Thus we will formulate a general equilibrium model as a square system of weak

inequalities, each with an associated non-negative variable. This is referred to as a

complementarity problem in mathematics, and the associated variables are referred to as

complementary variables.

Software other than that used here (GAMS and MPS/GE) generally do not allow the user

to solve complementarity problems, greatly limiting model formulation and the range of

comparative statics questions analyzed by the modeler.

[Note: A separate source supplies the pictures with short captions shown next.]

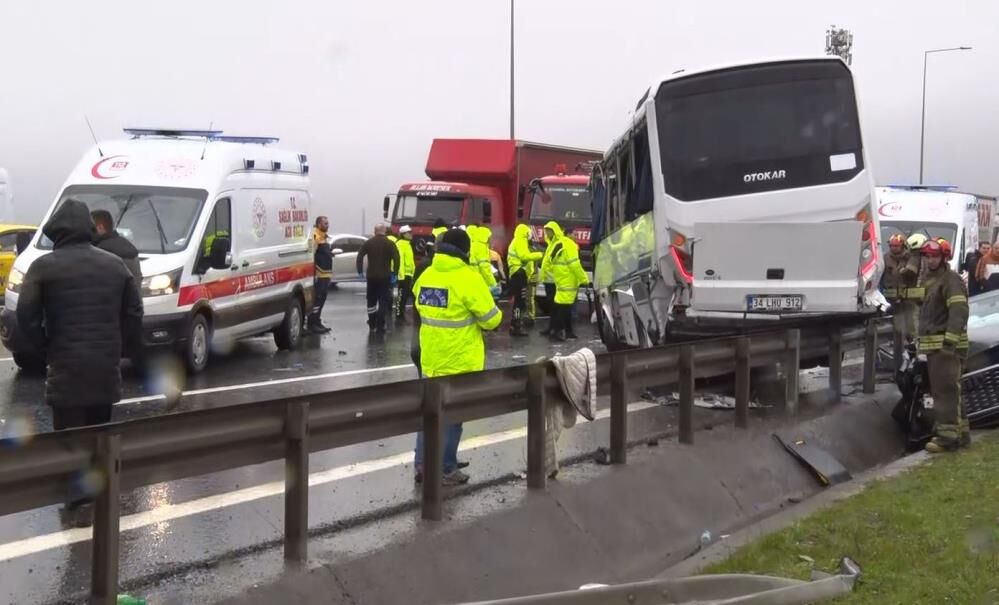 Kuzey Marmara Otoyolu’nda zincirleme kaza: 1 polis şehit oldu!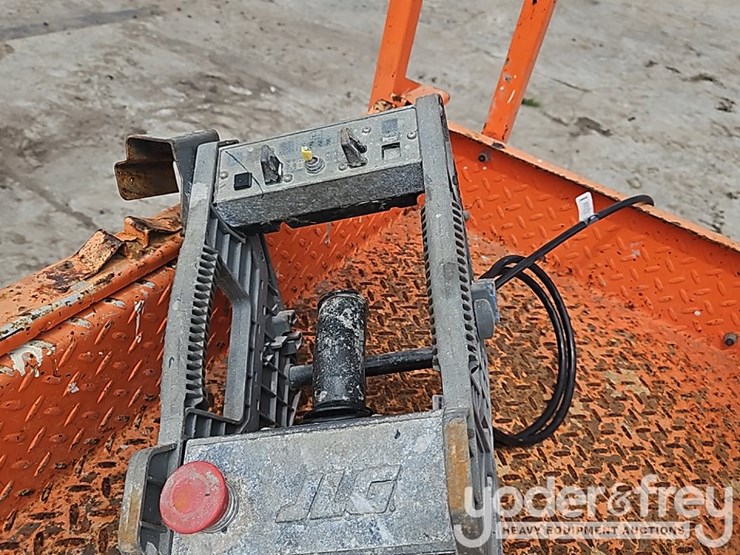 2018-jlg-1932r-image-12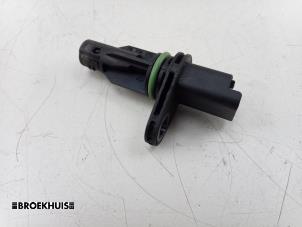 Gebruikte Krukas sensor Renault Master III (EV/HV/UV/VA/VB/VD/VF/VG/VJ) 2.3 dCi 145 16V FWD Prijs € 30,25 Inclusief btw aangeboden door Autobedrijf Broekhuis B.V.
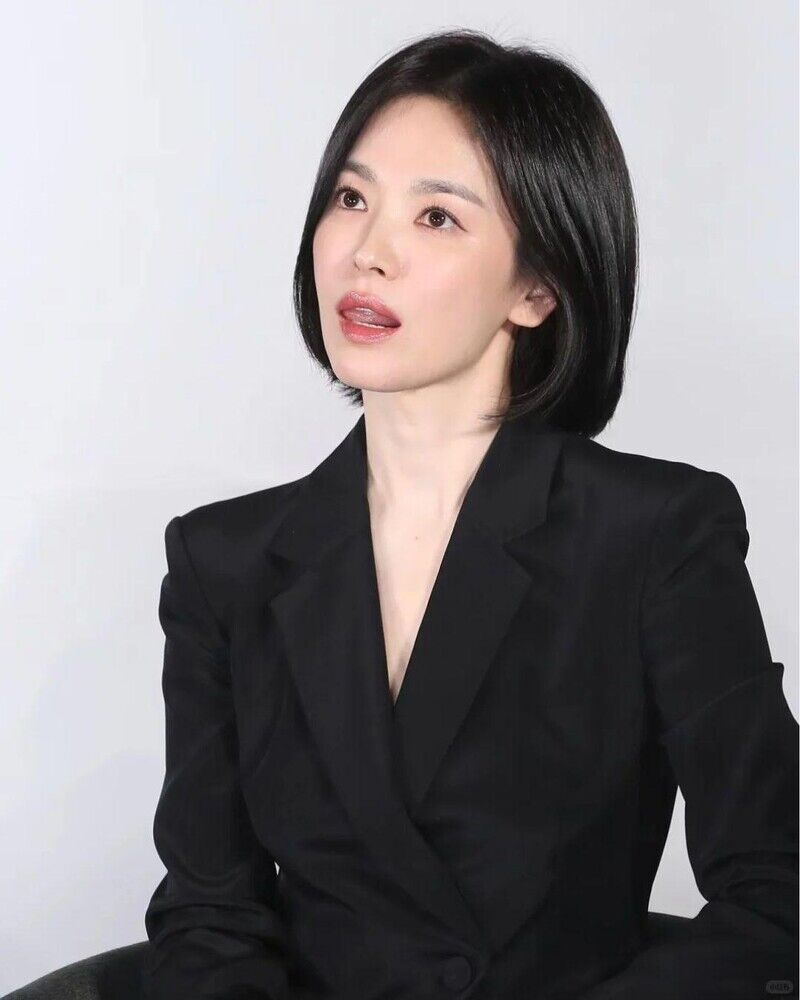 宋慧喬妝前靠「這招」秒小臉，超簡單溫差美容法，拯救晨間水腫！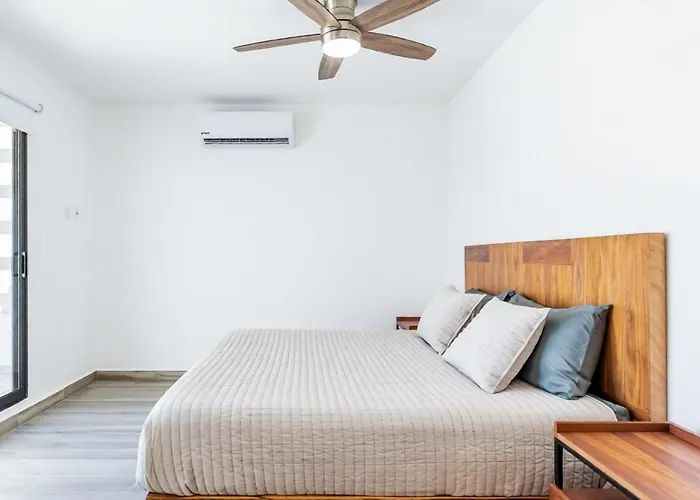 Stylish & Bright Contemporary 3bd I Pool! Playa del Carmen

2. Steps in Applied General-Equilibrium Modeling

Here are the “normal” steps in applied general-equilibrium modeling.

(1)

Specify dimensions of the model.

•

Numbers of goods and factors

•

Numbers of consumers

•

Numbers of countries

•

Numbers of active markets

(2)

Chose functional forms for production, transformation, and utility functions; specification

of side constraints.

•

Includes choice of outputs and inputs for each activity

•

Includes specification of initially slack activities

(3)

Construct micro-consistent data set.

•

Data satisfies zero profits for all activities, or if profits are positive, assignment of

revenues

•

Data satisfies market clearing for all markets

(4)

Calibration – parameters are chosen such that functional forms and data are consistent.

•

By “consistent” we mean that the data represent a solution to the model

(5)

Replication – run model to see if it reproduces the input data.

(6)

Counter-factual experiments.

Steps (3) and (4) are not strictly speaking necessary. The software can be used for pure

simulation analysis, in which there initially is no data.

However, in learning the software, it is very valuable to start by writing down a micro-consistent

data set and then transform that into code such that the solution to the model reproduces the

initial data.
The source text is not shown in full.